Remote working technology keeps projects rising safely from the ground

3 min read

Investment in remote working technology has become a vital differentiator in the ability to progress building works safely onsite in ‘the new normal’.

The Covid-19 crisis has propelled a digital transformation in the construction industry that under normal circumstances may have taken years to bring about.

Needless to say our industry has not been at the forefront of digital adoption. Many construction firms still operate the same way that they did decades ago and some contractors have been resistant to change.

Granted we had seen continued improvement with cutting-edge technology, such as drones, Building Information Modelling (BIM) and Augmented Reality software (AR) in the pre-Covid world, but its usage for project delivery took on heightened importance once social distancing and labour shortage became common place.

Office-based staff have turned to software like Teams and Zoom, and work on building sites have continued to progress safely with the use of action camera technology.

Lessons from the Middle East

As the coronavirus pandemic spread across the Middle East, many projects were able to remain open for work under government rules, but faced challenges ensuring that their workforce was able to safely access the site itself. 

Faced with the resulting shortages of labour availability and the production impact of social distancing measures construction firms were prompted to explore the wider adoption of alternative ways of working. Accelerating the uptake of technology for collecting, managing and remotely visualising data has become a saving grace in moving construction projects forward.

At several of Mace’s iconic developments in the UAE, inspectors with body cameras carry out site quality, progress and safety inspections, replacing the full site inspection team attending site, as colleagues support the walk-through from remote offices in real-time, using meeting software such as MS Teams and through collaboration around a digital twin model. This approach allows the projects to continue to run safely during the pandemic.

The adaption to using body cameras goes beyond showcasing how technology can be implemented to progress work on-site. On a broader scale, it shows that technology can be applied to difficult and unprecedented working conditions quickly and contribute to fuelling innovative ideas for how construction services can be further adapted and future-proofed.

By swiftly rolling out the use of body camera technology, we know that speed of digital mobilisation directly correlates with the ability to progress construction work onsite.
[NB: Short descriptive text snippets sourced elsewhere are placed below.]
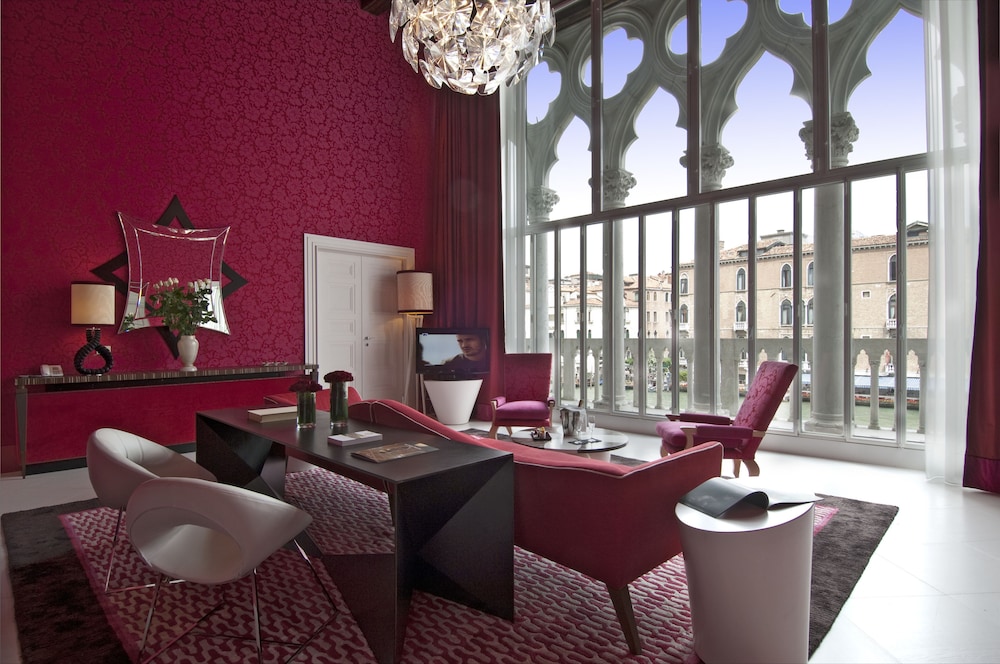 Deluxe Junior Suite with Grand Canal View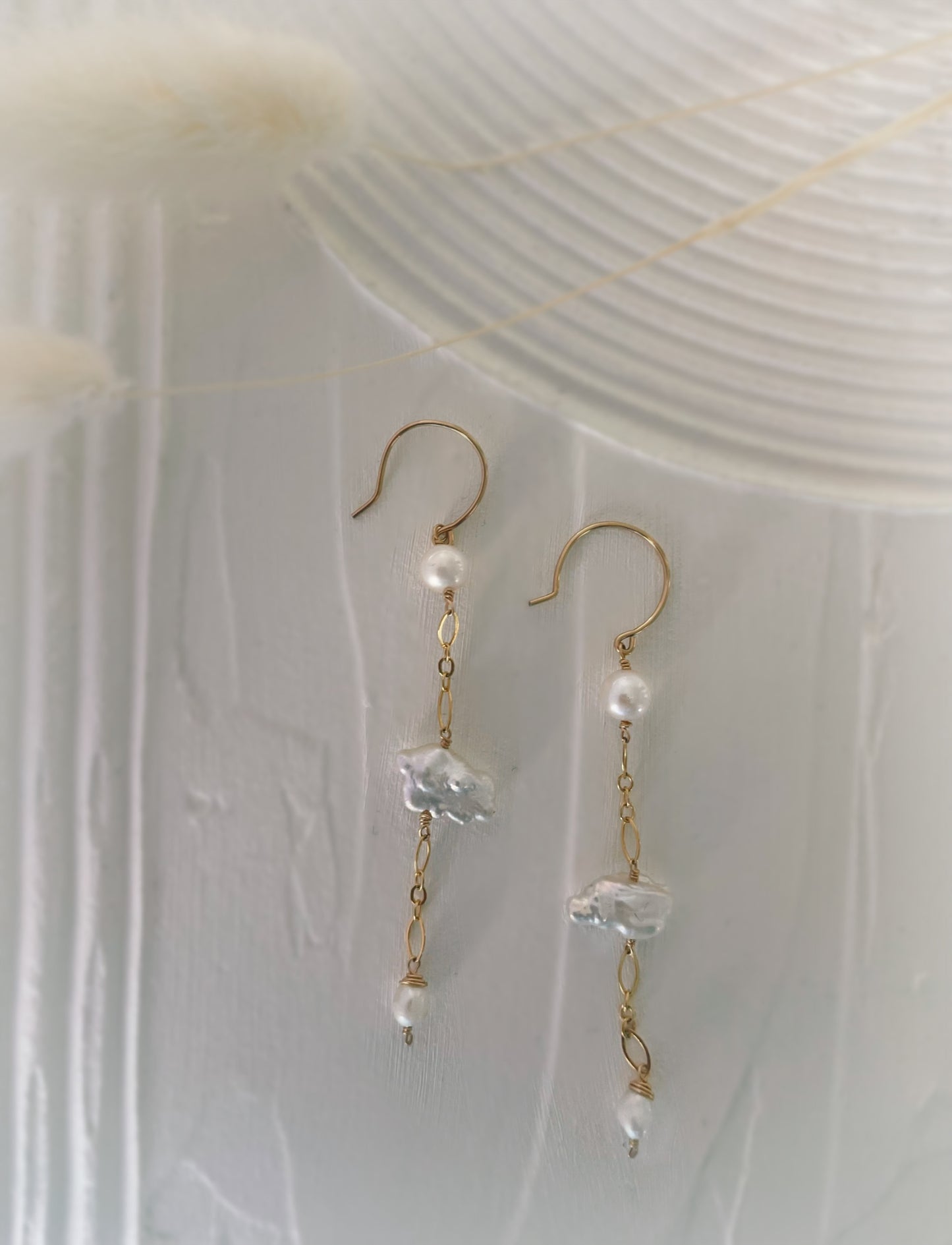 Cloud Nine pearl earrings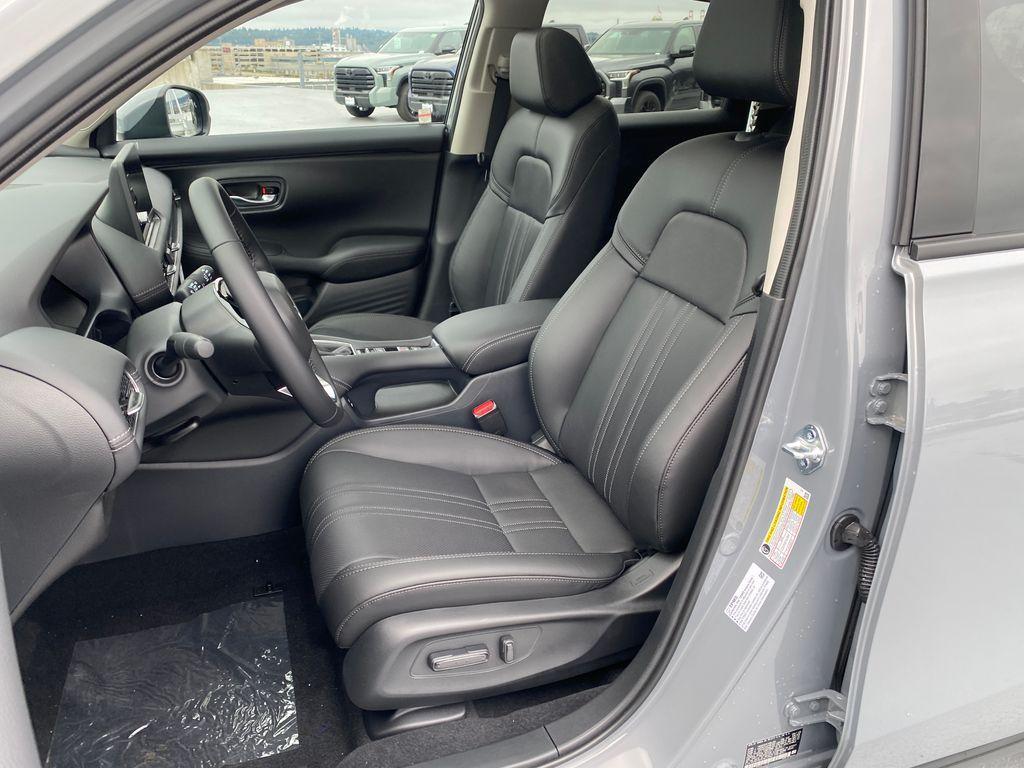 new 2026 Honda HR-V car, priced at $33,754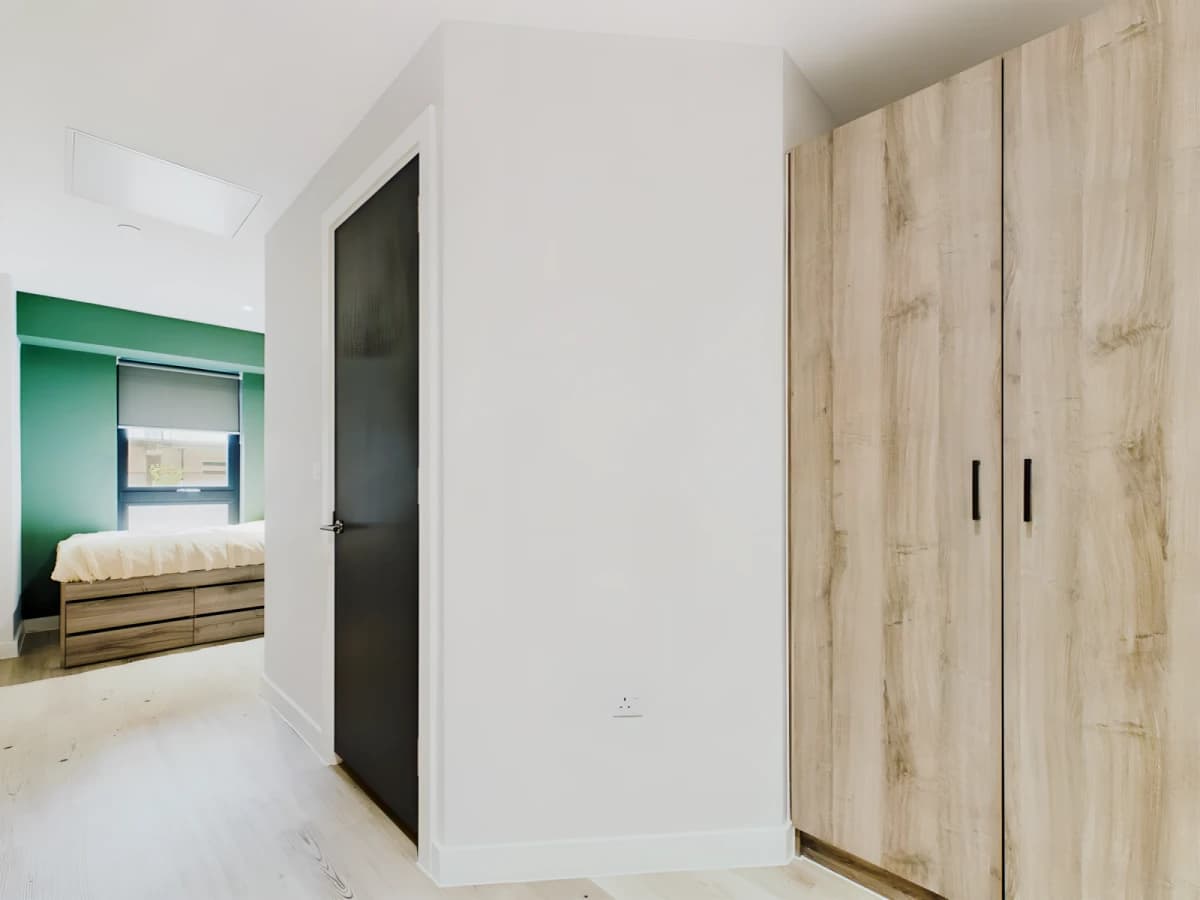 Crown Place image
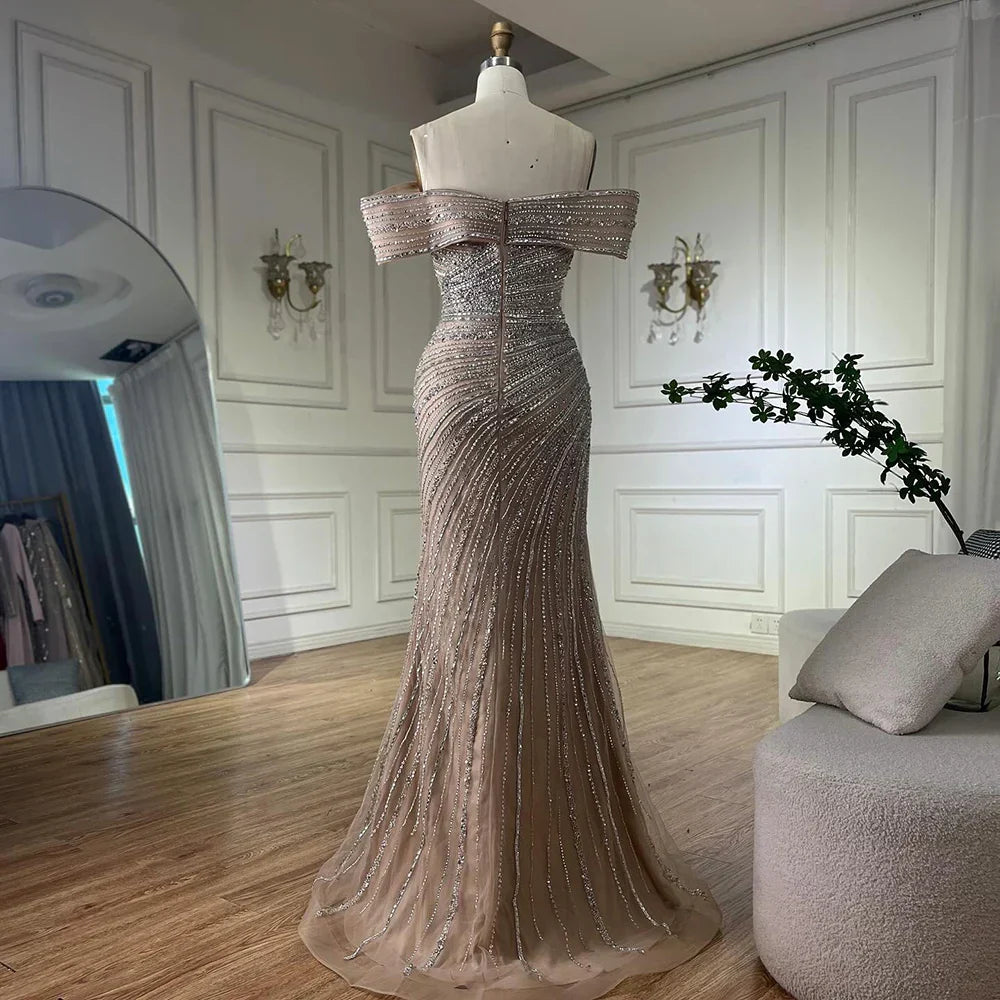 Vestido de noche árabe plateado color nude estilo sirena con cuentas y abertura, ideal para ocasiones formales (modelo LA72481A).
In an industry traditionally reluctant to embrace change, the crisis has shown the need for investment in remote technology to improve safety and enable consistent delivery.

Investing in tech and minds

Embracing digital technology involves more than equipping workers with the latest gadgets. As an industry we need to invest in upskilling and reskilling of staff to match the requirements in the use of data-gathering equipment and hardware. This investment will not just provide the effective and safe use of the technology, but it will also future-proof business, boost productivity and improve the quality of service.

On an individual level, technological advancements call for on-the-job training which provides an opportunity for construction workers to upgrade their competency and offer them a chance to learn marketable new skills. Those who have knowledge of software and devices will find adapting to new technology easier. This will be a challenge for the industry to collectively address and overcome, with particular efforts required in developing countries.

Covid-19 has shown us that a focus on innovation and proactive management need to be embedded in company plans for technology adoption as essential ingredients for successful digital reinvention. The pandemic prompted accelerated usage of technology to mitigate against site closures and keep workers safe.

Moving forward there is a greater impetus for construction companies to mobilise quickly and abandon the traditional approach in favour of one that is digital and automated. Over time, the associated cost will decrease as the human experience around using the technology deepens. The investment must be made in hardware and digital equipment, and in the knowledge required to use it.